Included in the repo is a shell script named clean_data.sh. If you wish to use the script, there are 4 variables that need to be set:
- ARR – array containing the data files to clean. All data files should have the same number of header rows, number of header columns, and NA_SYMBOL.
- NA_SYMBOL - the string which represents missing data in the data file. This value needs to be a string. Spaces or tabs will cause unexpected behavior.
- NUM_HEADER_ROWS - number of header rows for each file in ARR
- NUM_HEADER_COLS - number of header columns for each file in ARR The shell script will handle updating the data file information if a transpose occurs and cleans up all temporary files created during the cleaning process. If you prefer to execute the programs separately, all four inputs listed above are required for each program. Note that checkMatrixOrientation should be executed before any cleaning programs and calcPairs must be run before elementIp. The calcPairs and elementI programs use Open MPI to distribute the work. Mpitun should be used to call these programs. The rankfile can be used to specify which the number of desired processes. A minimum of two processors (or threads) are required to run calcPairs and elementIp. NOTE: Double check the number of header rows and columns. The program will likely run, without error, if an incorect number of headers rows or header columns is provided. NOTE: CPLEX is required to run the two Integer Programs (IP). The user will be required to provide the directories for CPLEX in the Makefile.
The configuration file allows the user to turn several features of the program on/off.

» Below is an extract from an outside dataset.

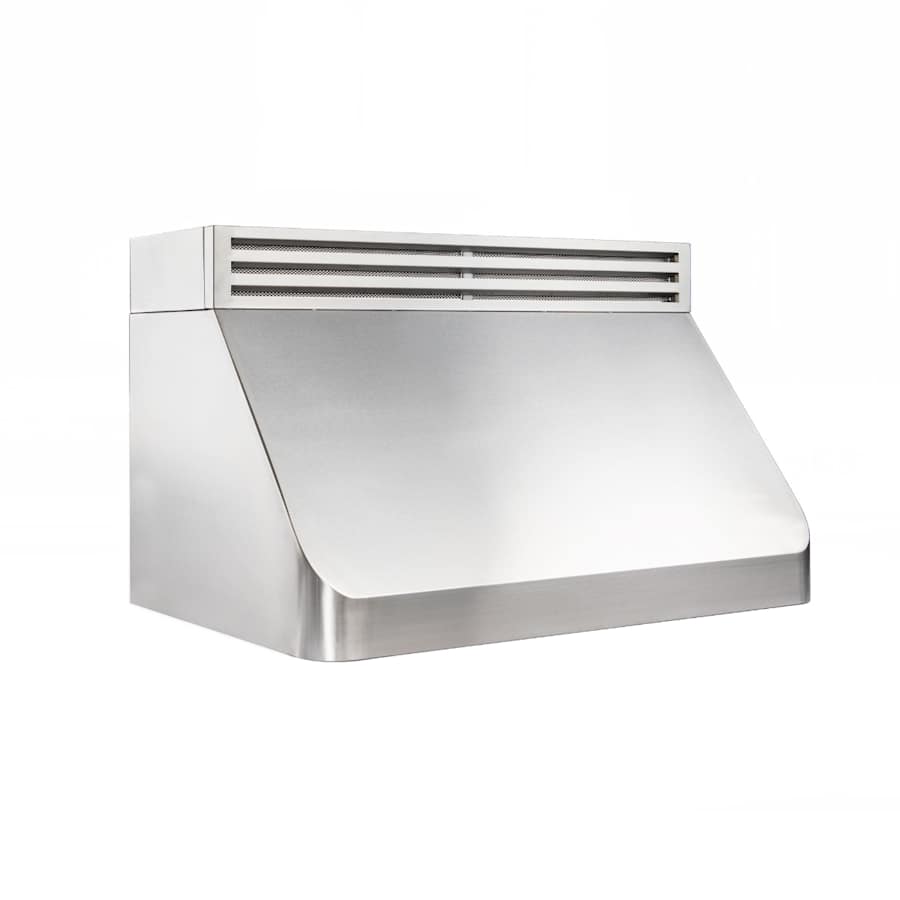 zline-rk520-36-1683314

PRINT_SUMMARY - determines if a summary is printed to the screen for each algorithm.
WRITE_STATS - determines if the statistics are recorded to a file. Each algorithm has a seperate file.
LARGE_MATRIX – determines the number of elements in an elementIp problem when the constraints will be reduced.
The program expects a file named config.cfg in the same directory as the executable and all flags above should be included. If a flag is missing, the program will exit with an error condition.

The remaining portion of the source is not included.